Endocrinologists have their guard up when it comes to biosimilar insulins and will keep patient use of the copycat biologics relatively low, even if they reach market, researchers predict.
Securing approval for follow-on versions of branded insulin analogues like Sanofi’s long-acting Lantus (insulin glargine), which had 2012 US sales of $3.9 billion and loses patent protection in 2015, won’t be enough, the researchers say, because doctors’ standards are likely to be higher than regulators’.
“Today there is quite a big disparity between what the EMA wants, what the physician wants and what the FDA wants,” said Kate Keeping, biosimilars research director at BioTrends Research Group, which surveyed 90 endocrinologists and 90 nephrologists.
Endocrinologists are typically the most wary of biosimilars, she said. “They’re treating both pediatric and adult patients. They’re treating patients chronically and don’t want to switch patients already well-managed on existing branded insulins, so convincing them to use a branded biosimilar will be extremely challenging, unless [drug makers] have robust clinical data.”
That suggests regulatory guidance is merely a floor, but not a ceiling. Draft guidance from the European Medicines Agency (EMA), for instance, essentially says the regulator does not expect efficacy trials to be required for insulin analogues.

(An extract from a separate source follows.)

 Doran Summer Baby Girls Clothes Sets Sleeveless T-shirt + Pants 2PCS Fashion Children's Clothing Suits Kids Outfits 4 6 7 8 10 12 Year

To feel comfortable prescribing the follow-on meds, clinicians will want extensive efficacy data from multiple Phase III trials, involving in excess of 1,000 patients, according to the report.
Various biosimilar versions of recombinant insulins are creeping toward market. Lilly jumped into the diabetes glargine biomsimilar pool, submitting its experimental drug to the EMA , along with partner Boehringer Ingelheim, last July. Merck has been rumored to have such a product in the works, and partners Mylan and Biocon are also in the running.
Lilly and Boehringer have done a full Phase III trial for their glargine treatment, LY2963016, in a large group of patients with type 1 and 2 diabetes, giving them flexibility for a US submission as well.
In the US, from 2020 insulins could be approved under a biosimilar pathway (guidance has yet to be finalized), but at the moment they’d need to be cleared under an NDA pathway. There’s some speculation whether it’s possible to use a 505(b)2 pathway.
“It looks like [Lilly/BI] will go the full NDA route,” said Keeping. “Obviously, Lilly is already a big player in diabetes anyway [although it lacks a long-acting product], so that product could do better than a biosimilar that’s only done what’s required by the EMA.”
By 2022, she added, BioTrends expects non-innovator versions of insulin glargine to capture combined patient share of 16% in the total US insulin glargine market. Lantus would hold the remaining 84% patient share.
The Bernstein analyst Tim Anderson has forecast biosimilar erosion of Lantus beginning in 2015, with the product dropping from a peak of 7.3 billion euros in 2015 to 4.7 billion euros by 2020, a 35% drop. “This erosion could accelerate more quickly contingent on the number of biosimilar producers,” he wrote in an investor note.
Other companies looking to develop biosimilars of branded analogues, which also include Sanofi’s Apidra, Novo Nordisk’s NovoLog, and Lilly’s HumaLog, must carefully design the clinical program to ensure they meet endocrinologists’ stricter expectations, Keeping advised.
While there’s limited information on what other companies’ biosimilars programs will look like, “Major players in insulins,” she said, “can expect a similar comprehensive clinical development program.”